> [What the task requires]: Drop the pictures and restate the rest of the listing word for word.

> [Data shown]:
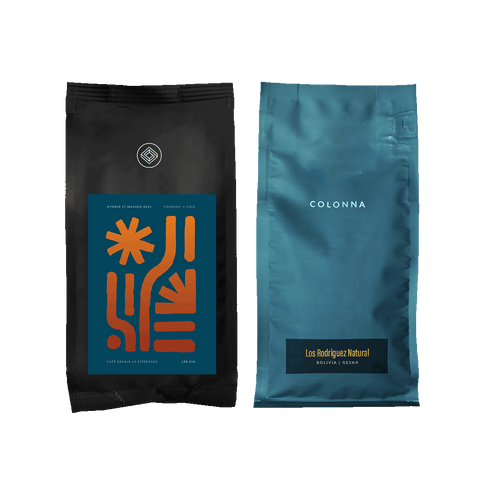 Limited & Special Release Beans Bundle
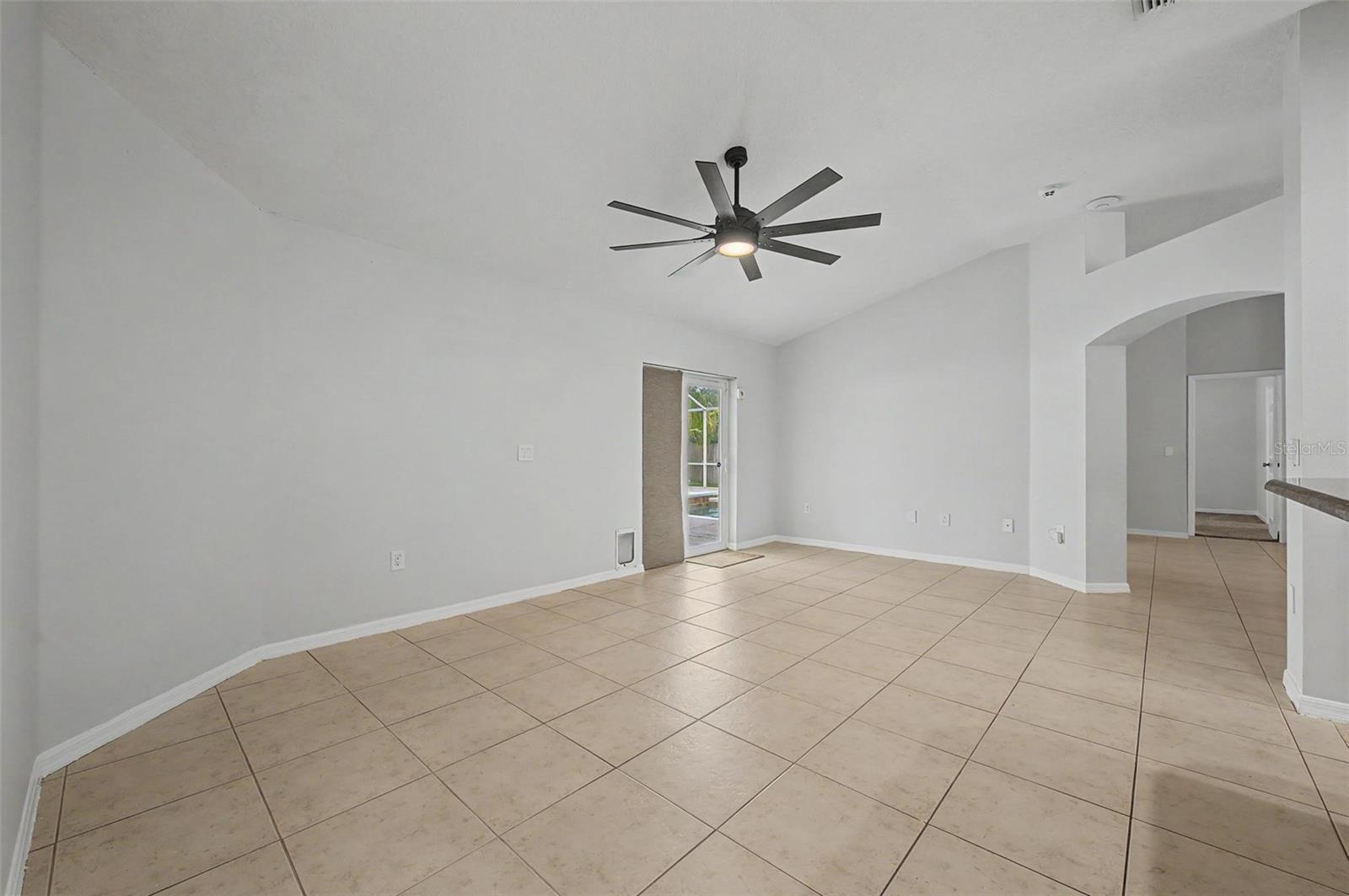 RANCH ROAD GROVES UNIT 1A - Residential
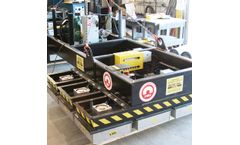 IMI - Magnetic Sheet Lifters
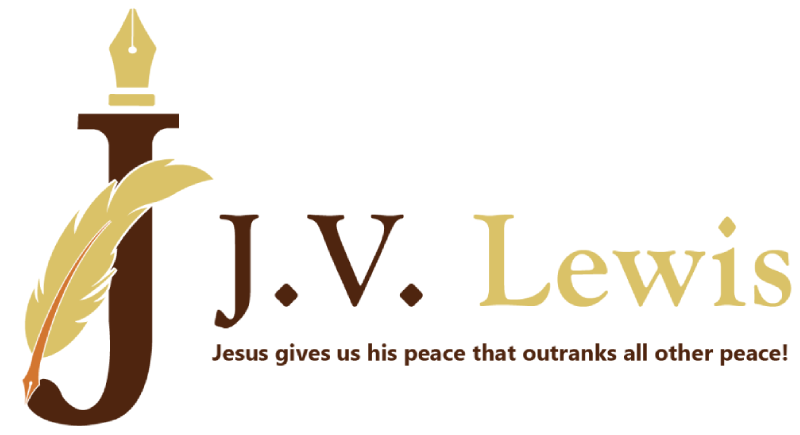 James Lewis Logo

> [Answer to the exercise]:
 Limited & Special Release Beans Bundle
 RANCH ROAD GROVES UNIT 1A - Residential
 IMI - Magnetic Sheet Lifters
 James Lewis Logo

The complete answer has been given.